Best answer: Ryszard Kapuscinski's Another Day of Life starts off with a memorable account of the evacuation of Luanda from the Portuguese perspective.
posted by cgs06 at 3:45 AM on February 4, 2012


Possibly the best writer, philosopher and essayist to have written from a "late colonial" perspective is, of course, Algerian-born Albert Camus. Although he died two years before Algeria's independence, he chronicled the slow demise of French rule in his Algerian Chronicles, which however aren't apparently available in English. His opposition to the decolonization of Algeria, born out of filial duty, was often used by left-wing intellectuals against him, despite the fact that he had denounced colonial ethnic oppression in his articles, as well as his novels (it is a strong subtext both in "The Outsider" and "The Plague").
posted by Skeptic at 4:22 AM on February 4, 2012


You might want to read some of Doris Lessing's work. She has a complex perspective on colonialism and her autobiographical work deals with her parents' experience in Zimbabwe as well - Going Home, Under My Skin, and African Laughter in particular. Although I also think that the semi-autobiographical material in the first four volumes of the Children of Violence series is worth reading. Although she's become pretty conservative in her old age, she's never been conservative about African independence.

This will almost certainly sound all scoldy, but I will say that a lot of the people who were "evicted" from their homes in the colonized lands treated the natives like absolute shit while they were there, and part of what they missed after leaving was cheap servants and deference. This is absolutely plain from Lessing's and others' reportorial and memoir work. And as someone who lived in comparative wealth and ease in a developing country (China right at the start of the 90s boom) I can tell you that I know how powerful that allure is.
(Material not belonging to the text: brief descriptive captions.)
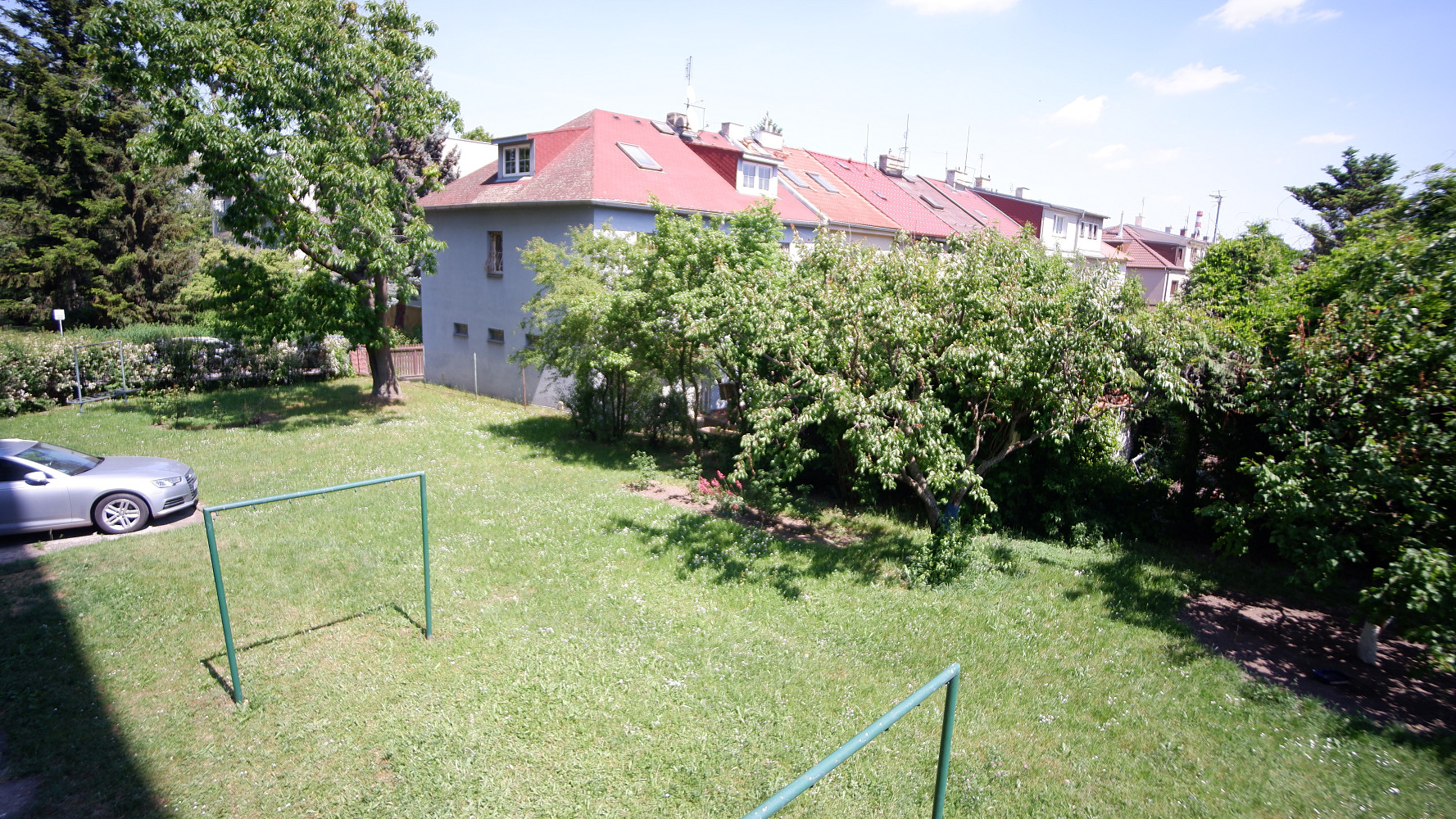 Prodej bytu 3+1 61 m² – fotografie 2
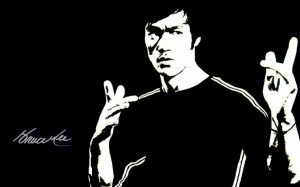 原图2560×1600单击左键查看大图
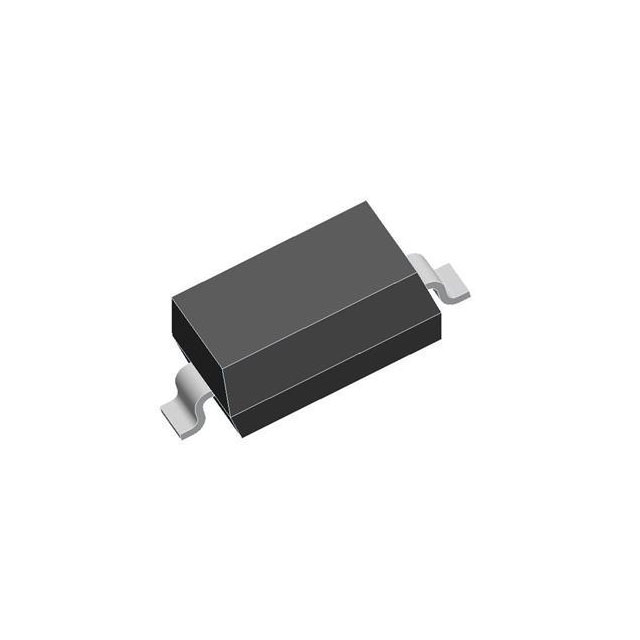 EVVO Semi_SD103AWS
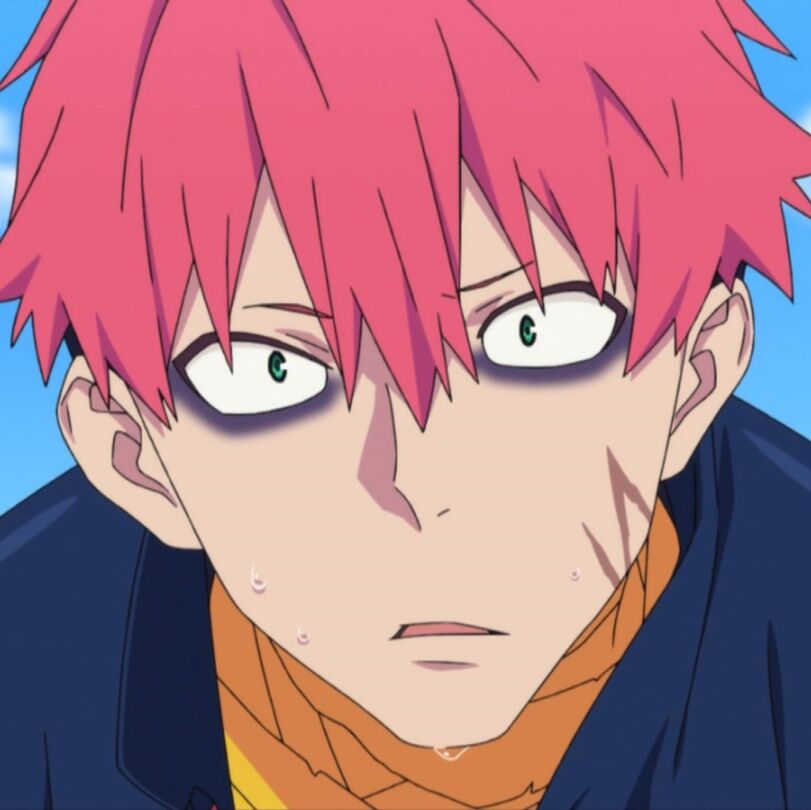 【ダイナゼノン】正直性的な目で見ている|にじげん!デイリー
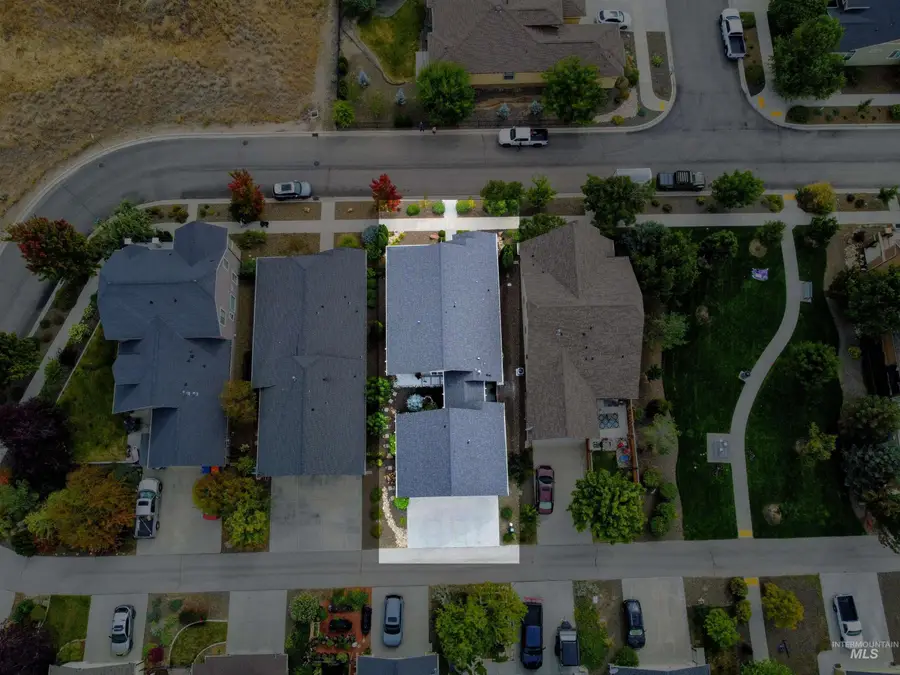 5952 W Rowan, Boise, ID 83714 - #3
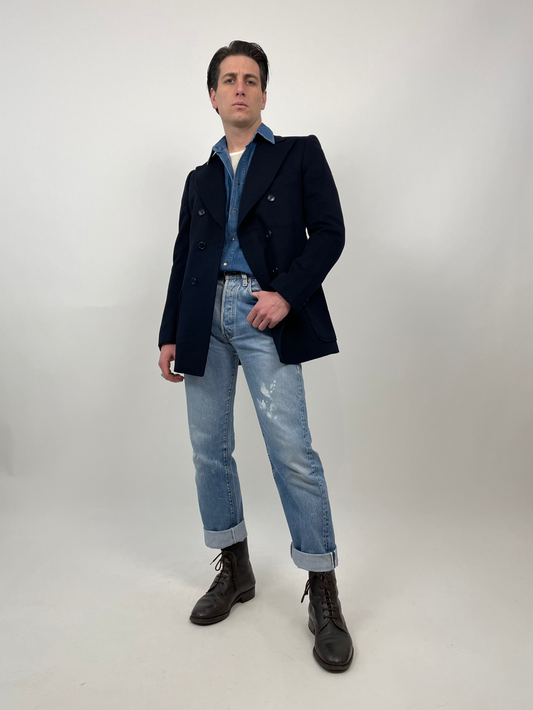 giacca-vintage-uomo-doppiopetto-in-lana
Related material would be Han Su Yin's autobiography, My House Has Two Doors a truly weird work by a returned Chinese woman who maintained a great deal of freedom even under Maoism and who tried in her writing to square the circle of hatred of racism and colonialism and the unpleasant realities of life under Mao. This book is unusual in that it has some of each perspective - she had a life of great privilege as a western Chinese woman who spent time in China and was connected to the Chiang Kai-shek regime. It's a weird book precisely because it's neither propaganda nor denunciation.
posted by Frowner at 6:23 AM on February 4, 2012 [3 favorites]


Well one can look at Russia's presence in the the Caucasus as colonialism. If that is the case, Tolstoy's Hadji Murat is a classic - and short! How much is actually true and not filtered from the assumptions of a "civilized" European, I am not knowledgeable enough to say, but I'd certainly re-read it.
posted by xetere at 8:46 AM on February 4, 2012


Well Hadji Murat is fiction, so I will rescind that recommendation. Sorry! But it still is a good read.
posted by xetere at 8:49 AM on February 4, 2012


Response by poster: Thanks everyone! This is a great reading list!

Fowler: You're absolutely correct, and I don't mean to imply that the colonial presence anywhere was made up of saints. My hope, however, is that these works show other facets of the allure beyond the ugly power relationships.

Xetere: This is a classic that I haven't yet experienced, so I'll make an exception! Thanks!